だが給料も大幅に下がる上、今の会社に誇りを持っていたミナトは、家族のことも考えずっと断っていたのだ。

「でも、今の会社にいつまでいられるかはわからないし、動くなら今だと思ったんだ。それでこの間話を聞いてみたら、すごく面白そうで。ただそれが…」

ミナトは言いにくそうに一瞬目をそらし、再びカリンの目を見つめた。

「場所が、中国の田舎なんだ」
「え、中国…?」
「そう…。そこで工場や倉庫と契約をしたり、物流や販路の拡大をした後、日本に戻る予定。
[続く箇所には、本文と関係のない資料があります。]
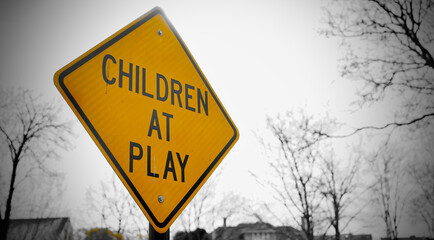 Closeup shot of a yellow children at play sign in a park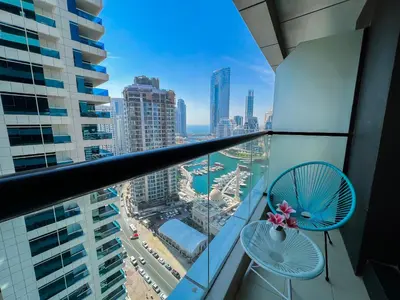 a balcony with two chairs and a view of a city at Charming 1BR Apart With Stunning Sea&Marina Views in Dubai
期間はわからないけど、数年間は住むことになると思う」

思いもよらない急展開に、カリンは言葉が出てこなかった。

ミナトはそんなカリンを見て、胸が痛くなる。

「自分勝手で本当にごめん。だけど、これが一番いい選択だと思ったんだ。それでやっぱり…」

ミナトはごくんと唾を飲み込んだ。

「俺たち、離婚した方がいいと思う。単身赴任も考えたけれど、きっと今離れたら、俺たちは遅かれ早かれダメになるだろう。それなら今別れた方が、カリンだって自由に好きにできるし、第二の人生を歩めると思うんだ」

途中言葉に詰まりながらも、なんとか自分の思いを伝えた。

目の前のカリンは俯いて、少し震えているようにも見える。

ミナトは言った途端、後悔の念に包まれた。

あんなに好きだったカリンと娘。その2人と別れる結末になるなんて、どこで間違えたのかと。

ごめん、とミナトが呟いた時、カリンが言った。

「ミナトってバカなの?私、めちゃくちゃ怒ってます」

カリンが震えていたのは、泣いていたからではなく怒りからだった。